The 4th Amendment, citizens are protected from unreasonable search and seizure. The 9th Amendment states that rights guaranteed by the Constitution, will not disrespect other rights held by citizens. The Due Process clause of 14th Amendments guarantees that all citizens of the United States are entitled to equal protection under the law, and shall not be denied the right to life, liberty or property without due process of law.
In Mapp v. Ohio (1961), it is noted that the Fourth Amendment creates a "...right to privacy, no less important than any other right carefully and particularly reserved to the people."
This decision makes the 9th and 14th Amendments relevant to the idea of privacy, and was evoked by the Court for the 1963 decision of Griswold v. Connecticut.

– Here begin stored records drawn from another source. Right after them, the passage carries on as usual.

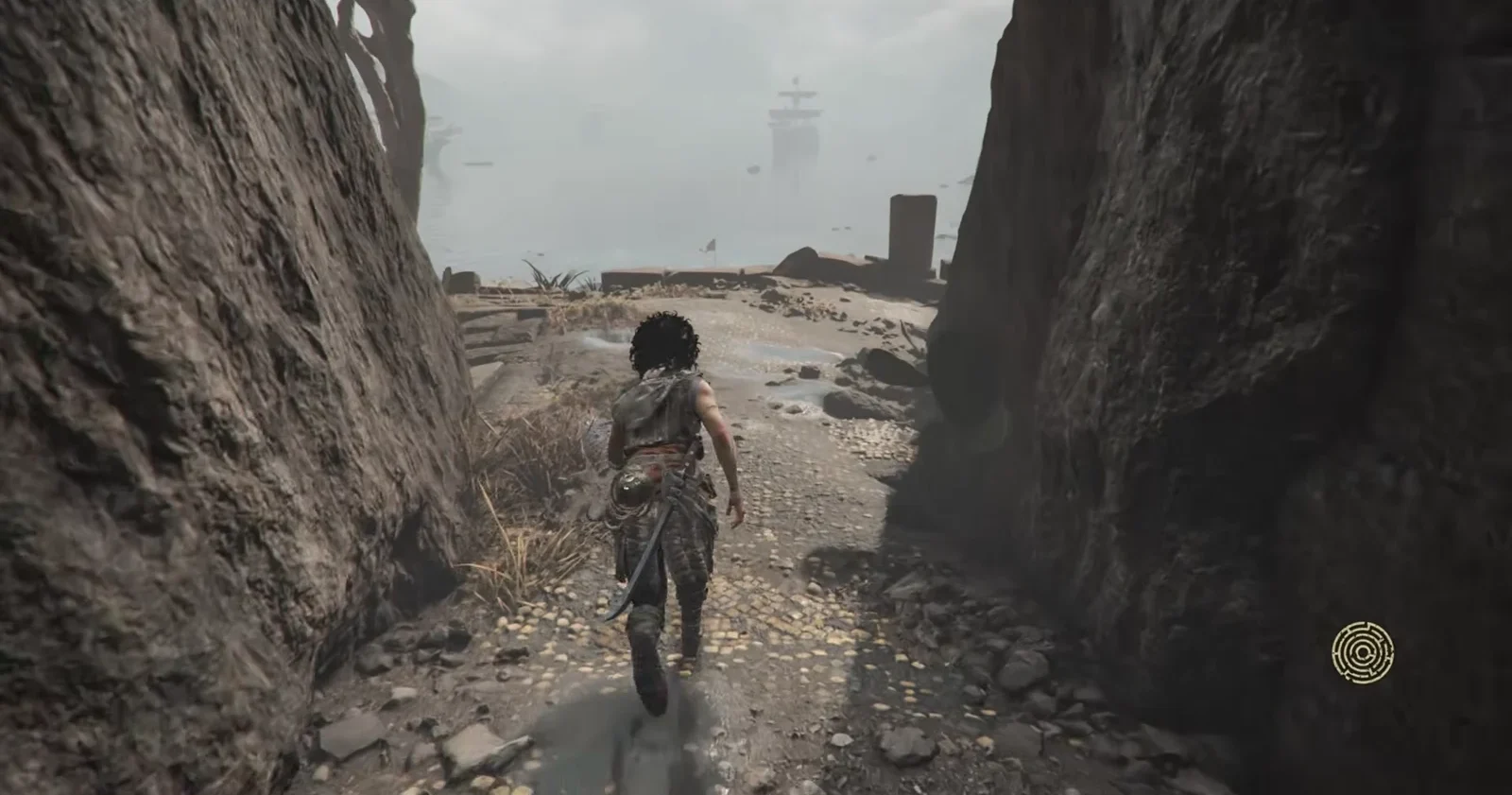 Sophia walking through a rocky passage that leads down toward the shoreline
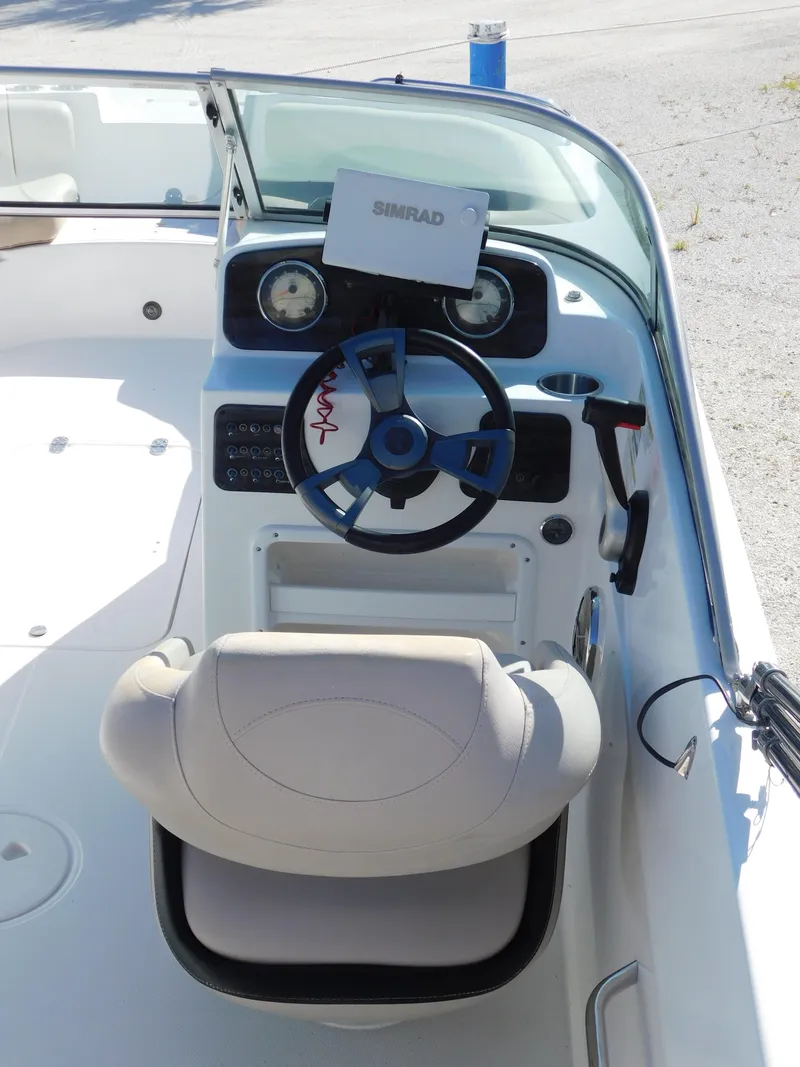 Slide: The Image of 2015 Hurricane SunDeck 187 OB boat cockpit with steering wheel and navigation system. - 14
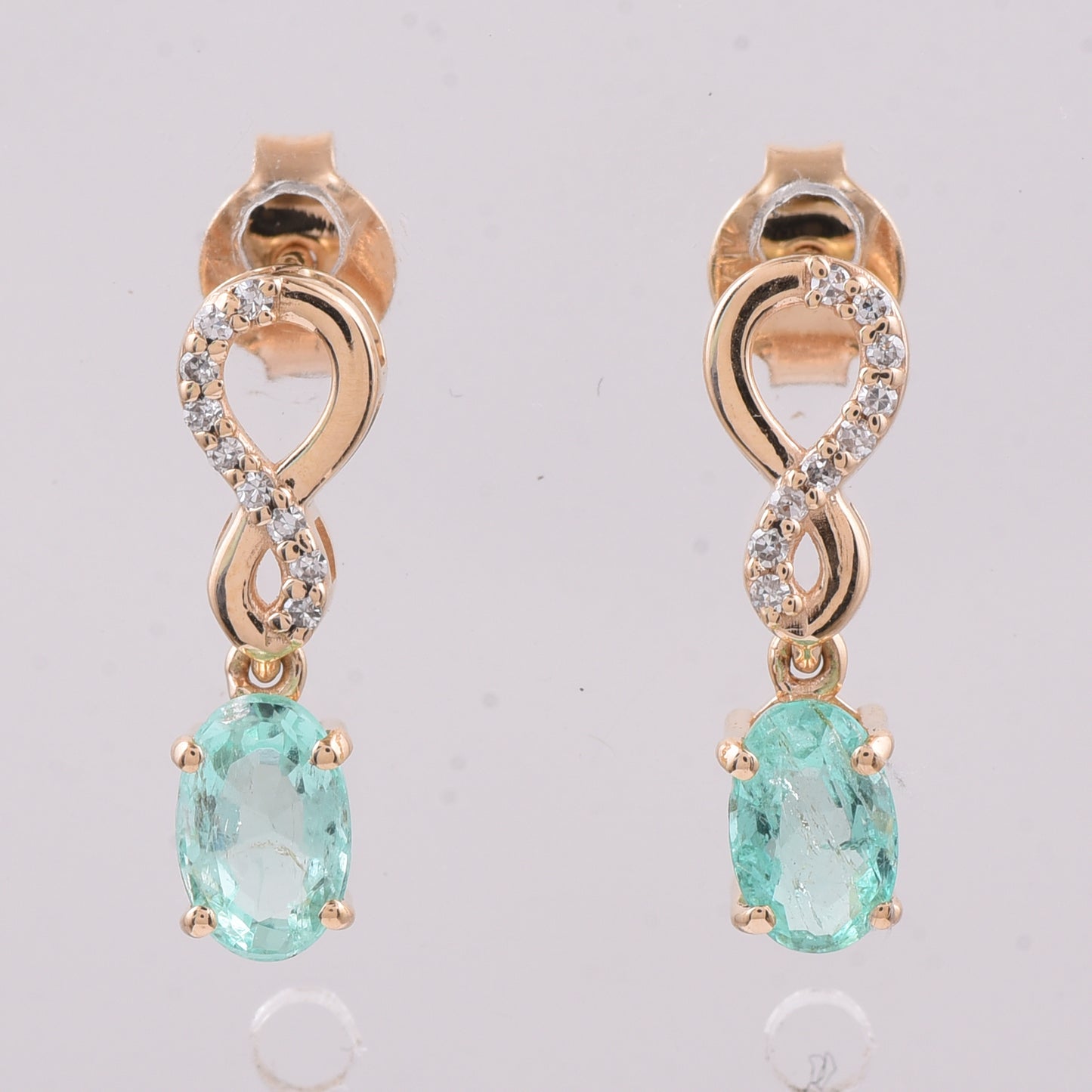 0.85 Ct Oval Natural Emerald 14K Gold Earrings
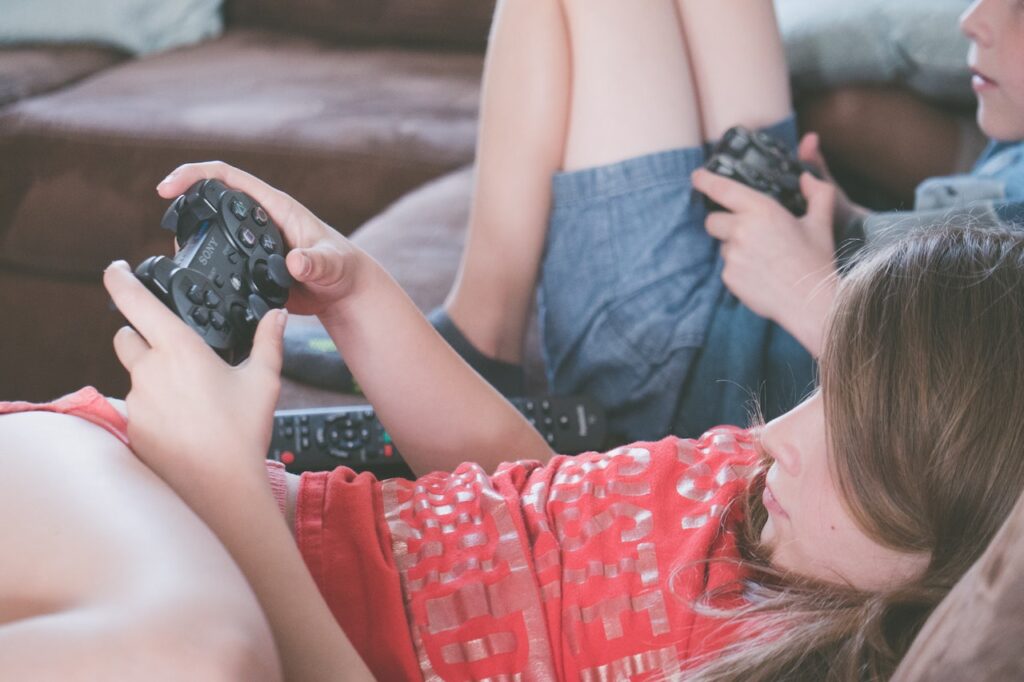 Kinder spielen Videospiele mit Controllern, während sie sich auf die Sofas legen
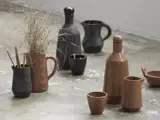 Forskellige keramiske kar i brune og sorte toner, bl.a. kopper, kander, flasker og en kande med tørret græs, arrangeret på et struktureret betongulv.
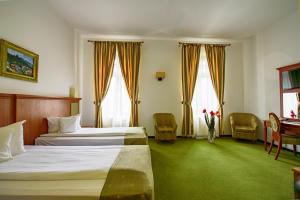a hotel room with two beds and a table and chairs at Hotel Palace in Băile Govora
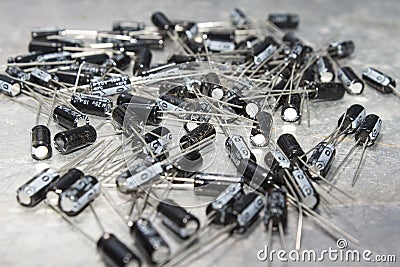 Large number of capacitors are located on a computer table. Stock Photo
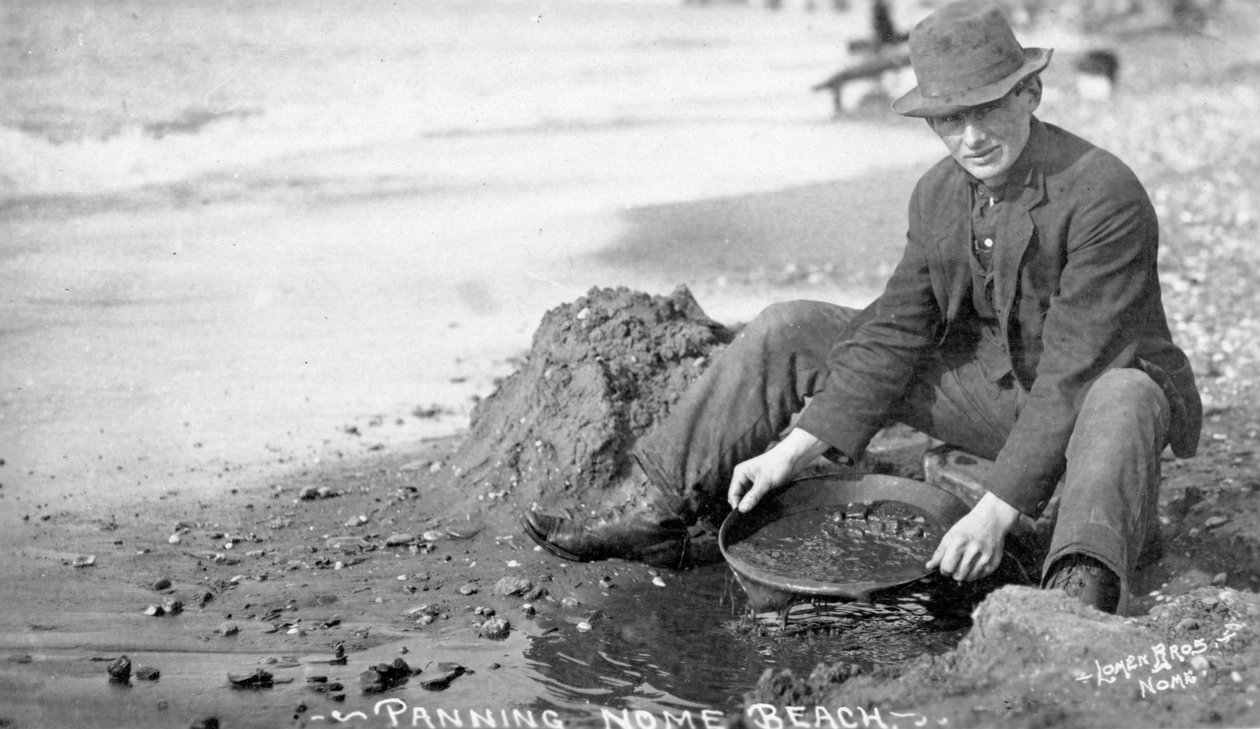 Homem Panning Gold on Beach, Nome, Alasca, c.1910 (foto a p/b) de Brothers Lomen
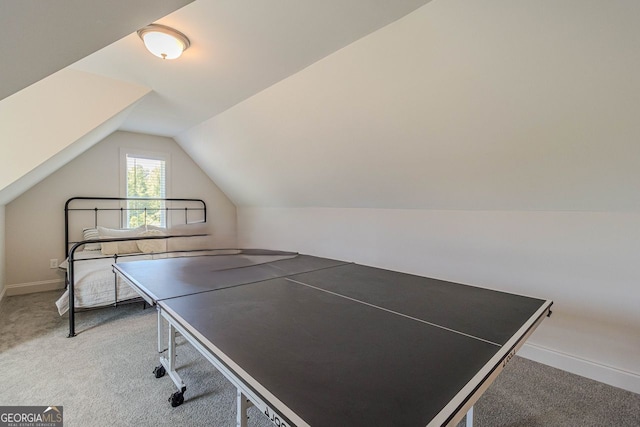 playroom featuring carpet flooring and vaulted ceiling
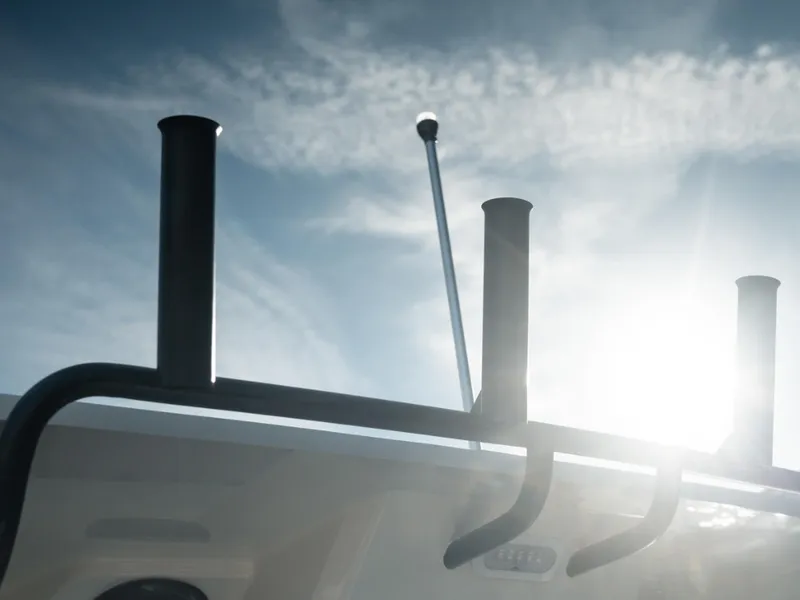 Slide: The Image of Bayliner Trophy T25PH 2024 boat silhouette against a bright sky. - 12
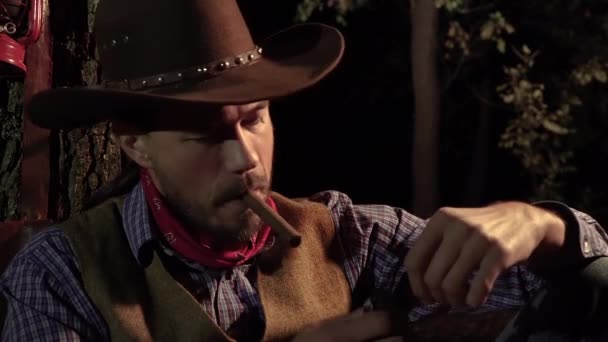 The cowboy smokes a cigar in the forest at night — Stock Video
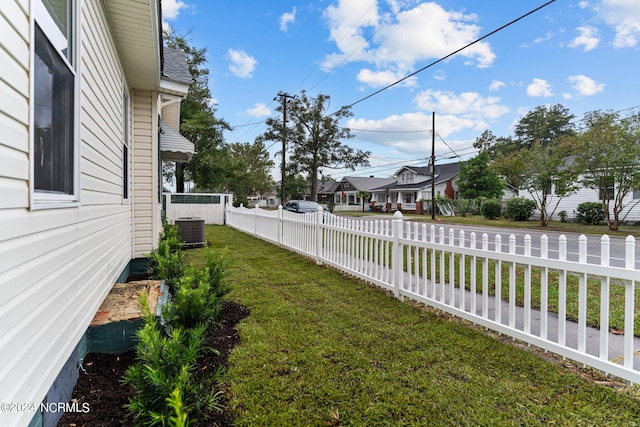 view of yard featuring central AC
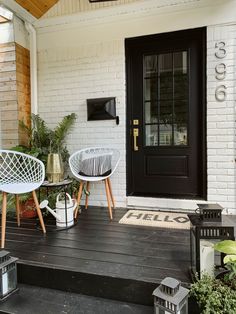 two white chairs sitting on top of a wooden porch next to a black front door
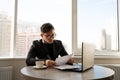 Frustrated man calculating bills and tax expenses, businessman wearing glasses bankruptcy office, financial crisis Royalty Free Stock Photo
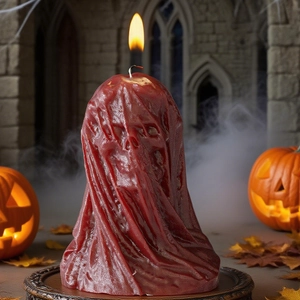 Halloween hooded skeleton candle with red cloak design and warm glowing candle flame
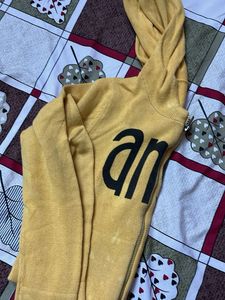 Yellow Zip-Up Hoodie with Graphic Print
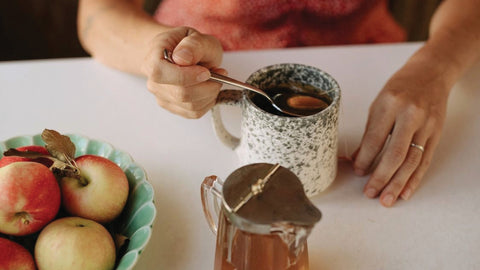 Hand spooning honey into tea with a bowl of apples nearby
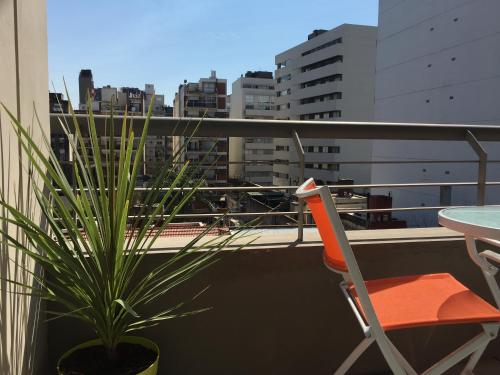 a plant in a pot on a balcony with a chair at 629 Serrano in Buenos Aires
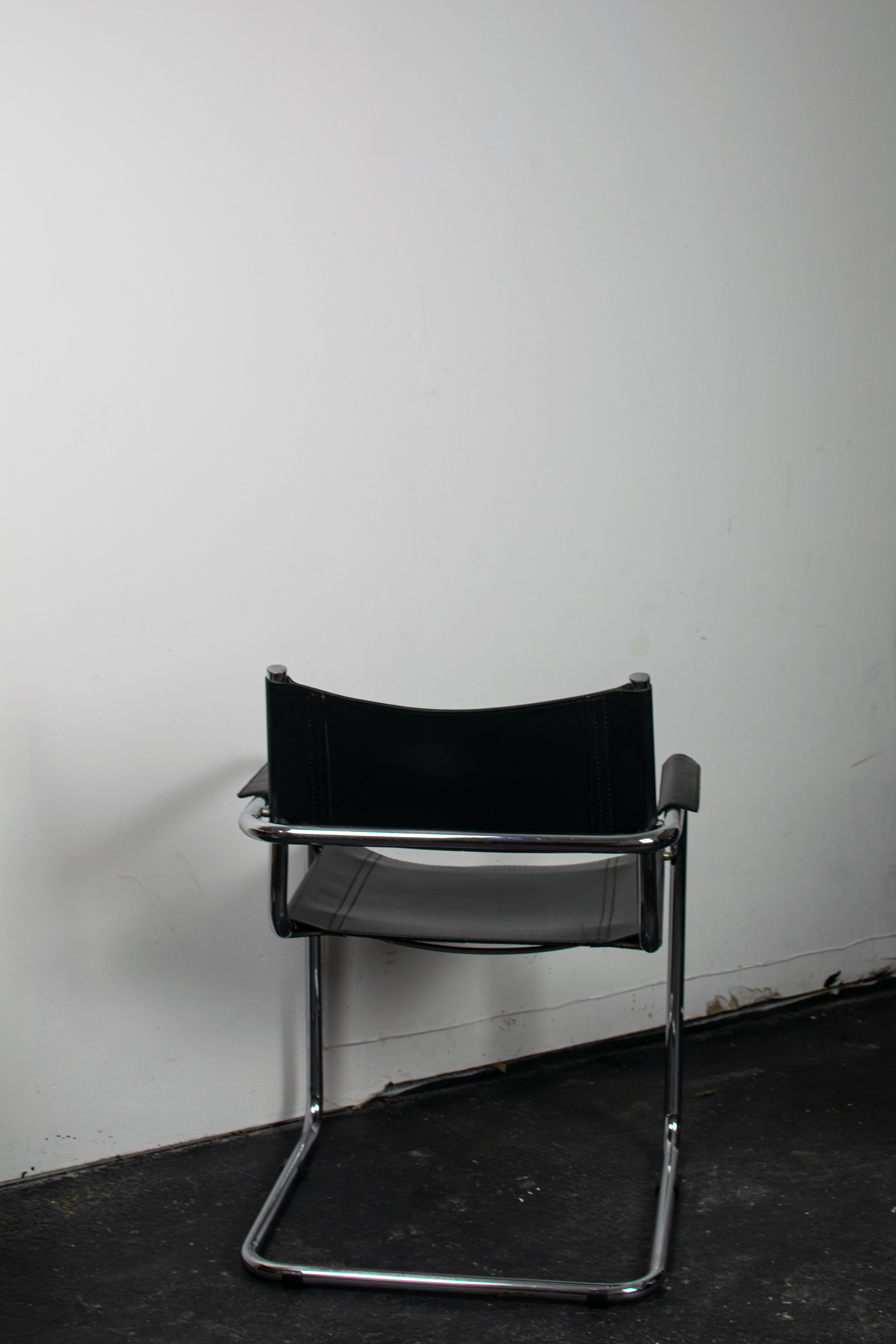 Black leather cantilever armchair 70s-80s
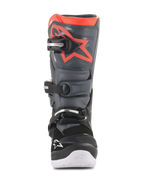 Botas Alpinestars Youth Tech 7S, botas de motocross, pretas e cinzento escuro com detalhes em vermelho fluorescente, vista frontal, com placa de canela em TPU com logótipo de estrela vermelha, sistema de fecho de três fivelas e sola integrada branca, equipamento de proteção durável para todo-o-terreno
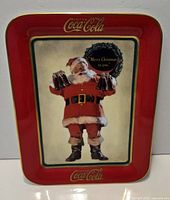 Front view of red-border Coca-Cola Christmas porcelain plate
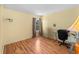 Bedroom features hardwood floors, a window with view, and a desk with chair at 5457 Talbrook Rd, North Port, FL 34287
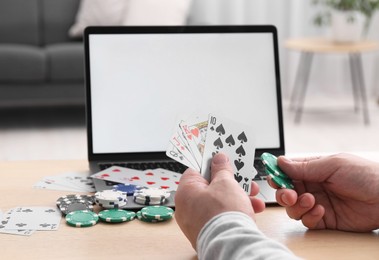 Online poker. Man with playing cards, chips and laptop at wooden table indoors, closeup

In the Court's decision of Griswold, which tested the Constitutionality of a Connecticut law that banned the use of contraceptives and was a basis for Roe v. Wade, Justice Douglas, wrote in the majority opinion of the Constitutional issue of privacy, "The present case, then, concerns a relationship lying within the zone of privacy created by several fundamental constitutional guarantees."
In a more recent case that applied the Griswold precedent, Lawrence et al. v. Texas (2003), Justice Kennedy, writing for the majority, noted, "[I]n our tradition the State is not omnipresent in the home." Justice Kennedy continued, "We conclude the case should be resolved by determining whether the petitioners were free as adults to engage in the private conduct in the exercise of their liberty under the Due Process Clause of the 14th Amendment to the Constitution."
In the end, the Court reversed a decision that sexual conduct between consenting adults in the privacy of their own homes is not subject to the prosecution by the law whose jurisdiction the home is under, and, in fact, is protected by the liberty provision of the Due Process clause of the 14th Amendment.
So you see, Mr. Feltovich, that privacy is, and has been, a right that the United States offers to its citizens through both Constitutional law and common law. And without much effort, you can easily find laws relating to privacy that are offered via legislative law (see the do-not-call registry).